According to reports by the German business newspaper Handelsblatt, the German data protection commissioners have sent a letter to the German chancellor Angela Merkel, asking her to push the European Union to suspend the U.S. – EU Safe Harbor regime because of the recently disclosed NSA activities. This letter dates from July 23 and is signed by the Federal Commissioner for Data Protection and Information Freedom, as well as by the State data protection commissioners. Background to this request are the publications on NSA’s activities with regard to personal data of European including German citizens: NSA “with high probability” accesses personal data “across the board”. The officials argue that the European Union should suspend the Safe Harbor regime until the facts are cleared.
The official press release of the data protection commissioners expects “the Federal Government to do everything to protect the people in Germany against access to their data by third parties” and asks the Government “to negotiate a high level of data protection and regulation in Brussels which will prevent comprehensive and causeless surveillance by European and non-European authorities”. The request to suspend the U.S. – EU Safe Harbor regime is not mentioned explicitly in the press release.
The U.S. – EU Safe Harbor regime allows data controllers to export personal identifiable data from countries of the European Union to the U.S. provided the U.S. recipient is registered under the Safe Harbor regime. The Safe Harbor regime is one of several options to safeguard the “adequate level of data protection” required under the EU Directive 95/46 (and national laws implementing the Directive) for the export of personal data into third countries.
Safe Harbor has been critically viewed by German data protection authorities in the past: in 2010 already, the German data protection authorities issued guidelines which required German companies, prior to exporting personal data to Safe Harbor certified U.S. recipients, only after verifying the recipient’s registration status and the recipient’s compliance with the information obligations under Safe Harbor, and keeping a record of such verification on file.
The publications by Edward Snowden on the scope of NSA’s activities caused significant political discussion in Germany. Reports in Germany referred to about 500 million screened phone calls, emails and chats in Germany monthly (for a population of 80 million). Political pressure made the German Minister of the Interior, Hans-Peter Friedrich, travel to the U.S. with a quest to obtain further information.
The new move could have a significant impact, if it is successful: all companies relying on Safe Harbor for the transfer of personal data from the EU to the U.S. could suddenly face a situation where either such data transfers must be suspended (which is difficult to imagine against the background of globally operated IT systems), or face fines by data protection authorities for unlawful processing of data.

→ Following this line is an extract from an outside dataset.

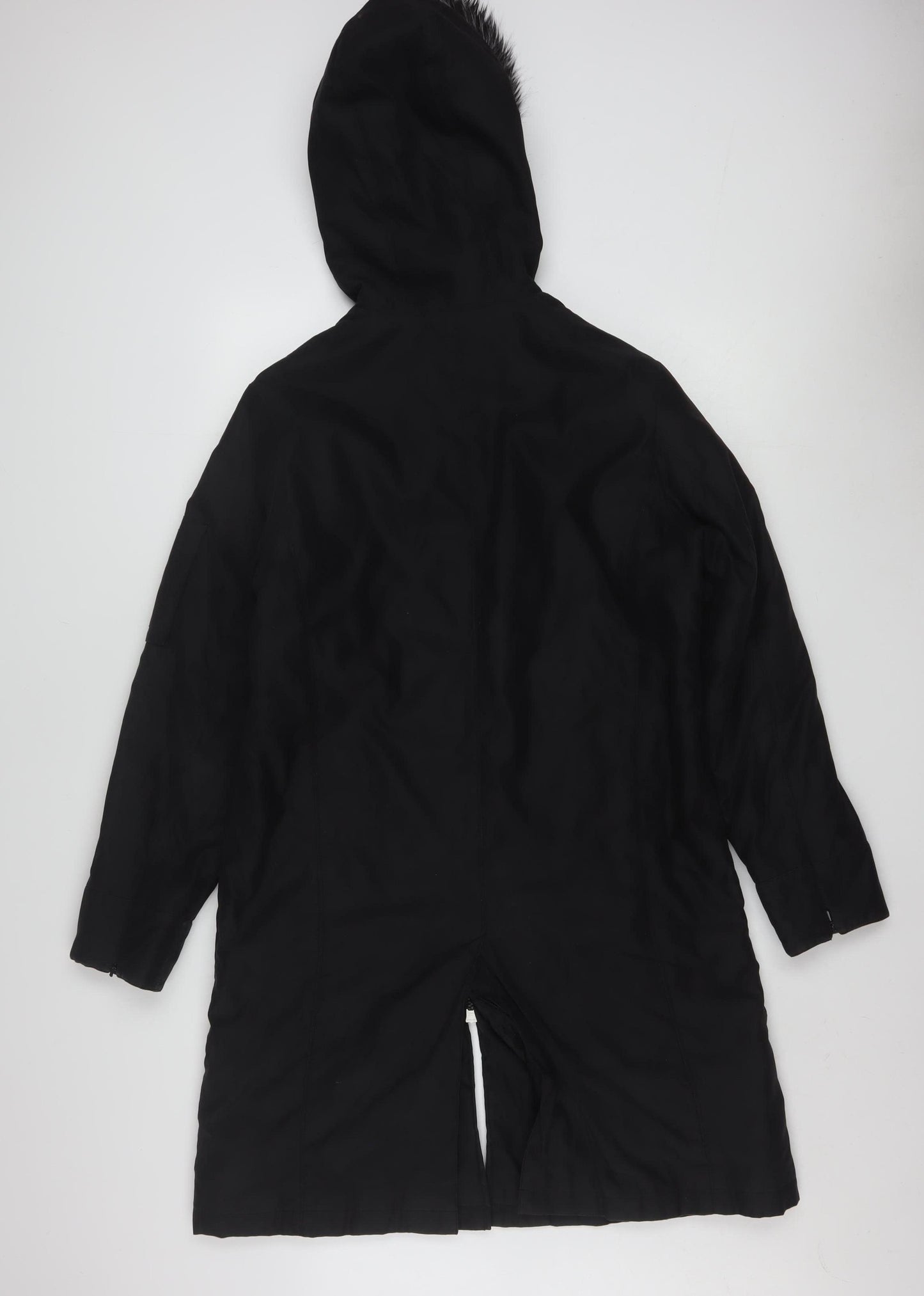 Marks and Spencer Per Una Women's Black Long Hooded Parka Coat M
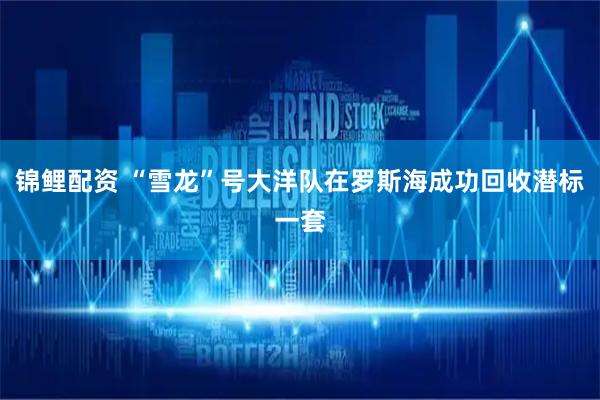锦鲤配资 “雪龙”号大洋队在罗斯海成功回收潜标一套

Companies would look into short-term alternatives, like using the EU Model Clauses for the transfer of data. In the long-term, sustainable means like Binding Corporate Rules might become even more attractive than they are currently.
It remains to be seen whether the German government endorses this approach by the German data protection commissioners: In the past, the German government supported the U.S. government and defended NSA’s activities as useful and proportionate.